David Boyes wrote:
I'm working on EBCDIC support for Perl 5.  I'm not familiar with EBCDIC
terminals, but apparently there are asynchronous ones.

Very, VERY rare -- to the point of almost non-existent. The 3270 is the primary 
terminal type, and it's half-duplex, page-oriented. The older line-mode 
terminal (the 3215) is emulated, and pretty much behaves as a dumb TTY.

How can one enter a control character from such a terminal?  On ASCII
terminals, pressing the Ctrl key and another at the same time generates
a control sequence.  Since H is the eighth letter of the alphabet,
CTRL-H sends 8, which is a backspace on ASCII platforms.  Is there
something similar that happens on EBCDIC?

The convention to enter a control character is to use the digraph '^<letter>' 
(EBCDIC not or cent sign (depending on code page) + character) and have apps 
translate that to the appropriate code point. The issue is that control characters in 
a 3270 world don't work the way they do on byte-oriented terminals, so they're rare 
(if not almost non-existent) in the 3270 environment. In the rare event a control 
character is used, it's almost always represented as a hex value in a string (for 
example to enable color or highlighting), and those don't occur as control characters.

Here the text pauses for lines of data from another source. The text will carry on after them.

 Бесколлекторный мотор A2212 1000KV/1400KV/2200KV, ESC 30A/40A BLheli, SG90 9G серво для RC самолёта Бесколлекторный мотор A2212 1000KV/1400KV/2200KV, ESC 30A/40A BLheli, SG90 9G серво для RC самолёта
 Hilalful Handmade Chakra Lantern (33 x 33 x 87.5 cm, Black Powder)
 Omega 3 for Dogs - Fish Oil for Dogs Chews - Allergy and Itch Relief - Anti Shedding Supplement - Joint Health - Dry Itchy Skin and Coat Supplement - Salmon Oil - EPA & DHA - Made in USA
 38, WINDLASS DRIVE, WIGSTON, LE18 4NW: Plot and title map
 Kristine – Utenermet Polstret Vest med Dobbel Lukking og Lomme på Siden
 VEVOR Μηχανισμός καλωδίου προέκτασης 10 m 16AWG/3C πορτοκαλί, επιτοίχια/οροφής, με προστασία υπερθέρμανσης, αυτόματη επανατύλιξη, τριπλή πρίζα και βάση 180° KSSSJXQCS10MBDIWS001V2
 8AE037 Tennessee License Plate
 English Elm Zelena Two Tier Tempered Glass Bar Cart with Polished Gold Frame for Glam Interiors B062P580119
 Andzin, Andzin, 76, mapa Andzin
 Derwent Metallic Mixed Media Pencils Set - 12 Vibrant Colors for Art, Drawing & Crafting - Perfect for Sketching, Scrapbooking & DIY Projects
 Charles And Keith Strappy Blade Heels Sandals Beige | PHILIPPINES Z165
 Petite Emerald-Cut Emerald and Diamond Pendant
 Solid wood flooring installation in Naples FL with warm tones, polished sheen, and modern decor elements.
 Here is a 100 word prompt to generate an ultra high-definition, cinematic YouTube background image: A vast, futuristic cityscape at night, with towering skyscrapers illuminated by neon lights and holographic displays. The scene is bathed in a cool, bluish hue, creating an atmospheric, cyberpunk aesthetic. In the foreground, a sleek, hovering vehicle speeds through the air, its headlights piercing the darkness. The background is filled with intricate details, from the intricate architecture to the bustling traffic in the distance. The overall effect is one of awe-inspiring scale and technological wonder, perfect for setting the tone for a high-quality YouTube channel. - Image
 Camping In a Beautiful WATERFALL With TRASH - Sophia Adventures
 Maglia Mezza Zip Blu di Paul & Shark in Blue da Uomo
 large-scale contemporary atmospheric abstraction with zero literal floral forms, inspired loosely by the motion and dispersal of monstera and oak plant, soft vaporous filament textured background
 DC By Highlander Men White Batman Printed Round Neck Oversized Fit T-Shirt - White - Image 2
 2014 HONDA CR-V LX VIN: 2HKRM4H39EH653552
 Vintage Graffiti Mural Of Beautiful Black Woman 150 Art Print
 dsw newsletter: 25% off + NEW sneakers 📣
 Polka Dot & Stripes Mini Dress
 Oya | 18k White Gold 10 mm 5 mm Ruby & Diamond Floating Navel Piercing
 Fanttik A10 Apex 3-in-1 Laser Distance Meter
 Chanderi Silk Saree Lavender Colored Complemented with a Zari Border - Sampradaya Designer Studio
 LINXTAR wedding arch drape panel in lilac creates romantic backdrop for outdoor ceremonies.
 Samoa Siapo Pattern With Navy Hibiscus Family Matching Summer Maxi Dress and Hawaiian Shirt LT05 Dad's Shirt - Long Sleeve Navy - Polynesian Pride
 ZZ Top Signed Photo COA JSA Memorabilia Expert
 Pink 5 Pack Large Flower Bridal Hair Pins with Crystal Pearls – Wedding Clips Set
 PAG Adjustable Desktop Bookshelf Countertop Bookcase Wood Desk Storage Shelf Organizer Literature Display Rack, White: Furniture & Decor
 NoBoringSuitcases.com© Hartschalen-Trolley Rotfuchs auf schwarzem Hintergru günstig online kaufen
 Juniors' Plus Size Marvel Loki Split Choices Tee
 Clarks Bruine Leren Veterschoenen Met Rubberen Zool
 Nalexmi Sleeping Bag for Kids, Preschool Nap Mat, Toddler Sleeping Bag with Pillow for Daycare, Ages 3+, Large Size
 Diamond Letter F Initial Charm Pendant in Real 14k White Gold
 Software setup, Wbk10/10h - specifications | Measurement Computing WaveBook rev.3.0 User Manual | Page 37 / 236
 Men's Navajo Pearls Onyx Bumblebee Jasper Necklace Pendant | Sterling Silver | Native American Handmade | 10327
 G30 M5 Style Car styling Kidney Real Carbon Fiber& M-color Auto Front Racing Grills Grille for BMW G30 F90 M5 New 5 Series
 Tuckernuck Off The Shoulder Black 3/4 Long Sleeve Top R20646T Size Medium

I don't understand the above.  On ASCII terminals, often a control is
printed as '^<letter.', but entering requires pressing two keys at the
same time.  It seems like you are saying that the terminal will send a
control character whenever a not or cent or maybe caret is typed
whenever followed by a letter.  If so, how then does one enter these
three characters literally?  And where could I find a mapping to look
at, a sample for one of the code pages?

The few EBCDIC code pages that I'm familiar with have 65 controls: 0 to
0x1F plus 0xFF.  Are all 65 enterable from the keyboard?

See above.

I see from the archives that there are some problems between the ASCII
LF (or NL) and the EBCDIC NEL.  Is there a rule of thumb for which of
these, or both, should mean a new-line, matching, say, '\n' in the C
language?

On a page-oriented terminal, the concept is somewhat difficult to represent. 
Writing a newline doesn't actually update the screen until you rewrite the 
page. On the older terminals (3215), the equivalent would be processing a CR/LF 
pair. In fact, you pretty much need to assume that all line-oriented I/O has 
exactly the function of a TTY. No cursor positioning, nothing smarter than a 
TTY.

Also, in looking at the Perl 5 source code, it is clear to me that no
one is running modern Perl versions on EBCDIC platforms, because it
wouldn't work.  But I can't imagine a Linux system without Perl.  Could
someone explain?

Linux on z is an ASCII system. Perl works just like it does elsewhere. Ditto 
with OpenSolaris for Z.

There isn't anything in the Z hardware that dictates the use of particular 
character sets; it's just what you program it to recognize as character graph 
'A'. IBM has included machine instructions to help process EBCDIC data, but 
that's for the convenience of OSes who choose to code data that way.

I guess I would ask "what kind of EBCDIC support are you creating"? Other than providing 
a string translation function (to_ascii, or to_ebcdic), I'm not sure what EBCDIC support for Perl 
would mean. Perl already has a codepage mapping toolset, and there are a number of EBCDIC 
variations, so the question of "which EBCDIC?" comes up. Are you porting Perl to a 
specific IBM OS? If so, that might be a very different set of questions.